At the entrance of Ellen Rothenberg’s solo exhibition, “elsetime,” at Sector 2337, is “Listening Station,” a turntable and pile of LPs to sift through on a bench. Of the thirty or so albums (all of them circa 1960-1970) to choose from, another gallery-goer put on an album by Detroit garage rockers Mitch Ryder & The Detroit Wheels. What songs were playing escape my memory and perhaps this was the point. Engaging in Rothenberg’s other works (inkjet prints, bag assemblages, photocopies in plastic folders, etc.) relegated the sonic addition to the exhibition as a kind of background noise, something present but easily ignored.
This wanting but not begging for engagement points at the general trend in viewing “elsetime.” Each work is something of an index or a citation, provoking you with a starting point that you can choose to follow or ignore. In her bio, Rothenberg writes that her “work is concerned with the politics of everyday life,” and in viewing “elsetime” I am immediately reminded of Michel de Certeau’s notion of living a tactical everyday life in his book, The Practice of Everyday Life. Certeau advocated creative resistance to power structures, and in the case of “elsetime” we can see such resistance to the expectations of the tidy way that art exhibitions (and perhaps, art) are meant to convey information.
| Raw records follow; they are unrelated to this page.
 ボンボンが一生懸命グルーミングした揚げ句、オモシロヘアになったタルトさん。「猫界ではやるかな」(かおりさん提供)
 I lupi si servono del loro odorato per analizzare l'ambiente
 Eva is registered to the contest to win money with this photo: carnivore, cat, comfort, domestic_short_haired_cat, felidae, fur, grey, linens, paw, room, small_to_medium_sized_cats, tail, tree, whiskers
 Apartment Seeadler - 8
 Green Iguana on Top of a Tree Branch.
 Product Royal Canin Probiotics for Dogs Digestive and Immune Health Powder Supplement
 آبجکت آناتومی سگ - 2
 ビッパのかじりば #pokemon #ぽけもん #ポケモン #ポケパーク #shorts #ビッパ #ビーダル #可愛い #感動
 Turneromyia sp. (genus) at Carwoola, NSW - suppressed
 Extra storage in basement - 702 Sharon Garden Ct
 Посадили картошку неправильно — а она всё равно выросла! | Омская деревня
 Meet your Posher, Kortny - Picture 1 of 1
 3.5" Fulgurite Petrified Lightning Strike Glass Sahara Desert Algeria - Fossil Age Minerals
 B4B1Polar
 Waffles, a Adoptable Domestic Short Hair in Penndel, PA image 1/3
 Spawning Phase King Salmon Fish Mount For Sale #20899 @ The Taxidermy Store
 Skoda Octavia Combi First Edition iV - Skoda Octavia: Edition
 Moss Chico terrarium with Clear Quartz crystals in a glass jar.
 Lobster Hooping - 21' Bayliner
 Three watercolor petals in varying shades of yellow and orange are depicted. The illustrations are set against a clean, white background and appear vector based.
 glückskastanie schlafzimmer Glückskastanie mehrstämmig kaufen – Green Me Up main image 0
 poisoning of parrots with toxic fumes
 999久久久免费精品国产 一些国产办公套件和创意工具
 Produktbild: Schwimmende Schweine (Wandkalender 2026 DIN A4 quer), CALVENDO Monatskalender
We are presented with an exhibition of points of departure, an enigmatic proposal that is realized in nearly all of the works on display. “Workplace” and “Lightbulb” are both large close-up images of functional but otherwise inconsequential objects found in author Bertolt Brecht’s studio. “Walking Archive: Not to be Taken” is possibly the most indicative of the indexical/citational game Rothenberg plays. Select photocopies of texts by Allen Ginsberg, Angela Davis and Stefan Brecht among others are displayed and, as the title commands, not to be taken home with you. Which is the provocation: what do we leave the exhibition with and what do we do with it when we get back home? “Elsetime” is an operation in ways to proceed forward, a challenging exhibition that provides rewards if you want them. (Chris Reeves)
Through July 3 at Sector 2337, 2337 North Milwaukee.